L’adaptation d’un roman de Claudel par un seul en scène est un pari risqué : transmettre à la fois la poésie du style et l’âpreté du sujet, suggérer les images  tout en sachant s’effacer et ne rien ajouter d’inutile est une gageure. Si Sylvie Dorliat ne manque pas de conviction dans son interprétation, on regrettera les effets de mise en scène qui se succèdent et s’empilent : un peu de sable qui s’effrite entre les mains, tiens, une bougie qu’on allume,  ah, une lampe qu’on balance, hop, des ombres chinoises et des voilages qui se soulèvent, le tout résonne comme un catalogue de jolies idées dans lequel on a pioché (comme ce vieux livre / grimoire que vient lire la comédienne) (pourquoi ?) et que l’on a enfilées et mises bout à bout. C’est dommage car la scénographie en devient décousue, et l’histoire en est limite gommée devant cette accumulation de petites trouvailles. On ne pourra reprocher, certes, à Sylvie Dorliat d’aimer sincèrement ce texte, mais une interprétation très fougueuse, démonstrative quand elle joue Monsieur Bark par exemple, vient à l’encontre de la douceur de l’histoire, et ne laisse pas assez transparaître la tristesse, la solitude de Monsieur Linh derrière son jeu très énergique.
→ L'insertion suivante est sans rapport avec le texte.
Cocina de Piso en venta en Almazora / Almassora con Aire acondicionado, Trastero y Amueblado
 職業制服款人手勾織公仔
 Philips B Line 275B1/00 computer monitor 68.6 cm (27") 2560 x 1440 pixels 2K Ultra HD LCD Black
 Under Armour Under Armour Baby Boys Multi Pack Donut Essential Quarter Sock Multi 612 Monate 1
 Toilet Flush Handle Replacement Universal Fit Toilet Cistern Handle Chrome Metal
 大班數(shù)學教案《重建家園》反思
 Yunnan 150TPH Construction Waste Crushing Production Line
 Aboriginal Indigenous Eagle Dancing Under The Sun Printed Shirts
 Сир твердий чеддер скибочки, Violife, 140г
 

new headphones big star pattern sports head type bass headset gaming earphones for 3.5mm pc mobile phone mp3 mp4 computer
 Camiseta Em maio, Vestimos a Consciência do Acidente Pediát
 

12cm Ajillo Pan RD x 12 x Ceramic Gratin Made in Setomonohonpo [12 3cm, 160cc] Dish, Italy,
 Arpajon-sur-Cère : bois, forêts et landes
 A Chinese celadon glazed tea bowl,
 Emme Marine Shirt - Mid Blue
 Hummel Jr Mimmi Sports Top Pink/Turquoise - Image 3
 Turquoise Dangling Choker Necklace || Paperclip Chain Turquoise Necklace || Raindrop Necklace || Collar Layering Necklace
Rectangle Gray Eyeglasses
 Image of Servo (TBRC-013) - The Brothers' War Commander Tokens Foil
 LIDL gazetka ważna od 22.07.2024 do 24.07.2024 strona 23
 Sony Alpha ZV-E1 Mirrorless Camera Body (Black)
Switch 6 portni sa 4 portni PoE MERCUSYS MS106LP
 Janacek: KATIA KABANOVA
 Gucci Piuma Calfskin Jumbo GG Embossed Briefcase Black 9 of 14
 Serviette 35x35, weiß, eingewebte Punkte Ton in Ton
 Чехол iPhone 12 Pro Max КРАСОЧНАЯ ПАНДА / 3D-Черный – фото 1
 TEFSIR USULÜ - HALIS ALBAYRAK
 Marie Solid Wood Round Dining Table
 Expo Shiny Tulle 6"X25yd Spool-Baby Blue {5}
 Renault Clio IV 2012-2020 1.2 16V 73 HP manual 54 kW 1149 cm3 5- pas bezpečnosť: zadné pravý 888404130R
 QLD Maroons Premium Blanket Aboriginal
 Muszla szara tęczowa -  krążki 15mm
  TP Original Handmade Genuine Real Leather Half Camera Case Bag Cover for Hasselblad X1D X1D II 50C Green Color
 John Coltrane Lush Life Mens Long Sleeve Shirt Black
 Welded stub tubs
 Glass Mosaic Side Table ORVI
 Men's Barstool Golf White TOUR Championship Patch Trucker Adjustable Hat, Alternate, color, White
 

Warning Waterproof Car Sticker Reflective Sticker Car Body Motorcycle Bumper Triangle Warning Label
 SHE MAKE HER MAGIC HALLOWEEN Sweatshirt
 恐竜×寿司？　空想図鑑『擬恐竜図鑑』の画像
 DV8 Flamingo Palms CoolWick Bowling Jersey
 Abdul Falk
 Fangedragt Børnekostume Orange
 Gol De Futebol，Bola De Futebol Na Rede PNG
Or, on vient au théâtre pour voir des personnages, pas des comédiens et je n’ai vu là qu’une illustration, pas une incarnation.

Bref, pour ce roman poétique et engagé on aurait aimé une mise en scène presque resserrée, centrée sur la force du récit qui se suffit à lui-même. On reste en dehors, passant à coté du texte fort, engagé, et tellement actuel. Dommage.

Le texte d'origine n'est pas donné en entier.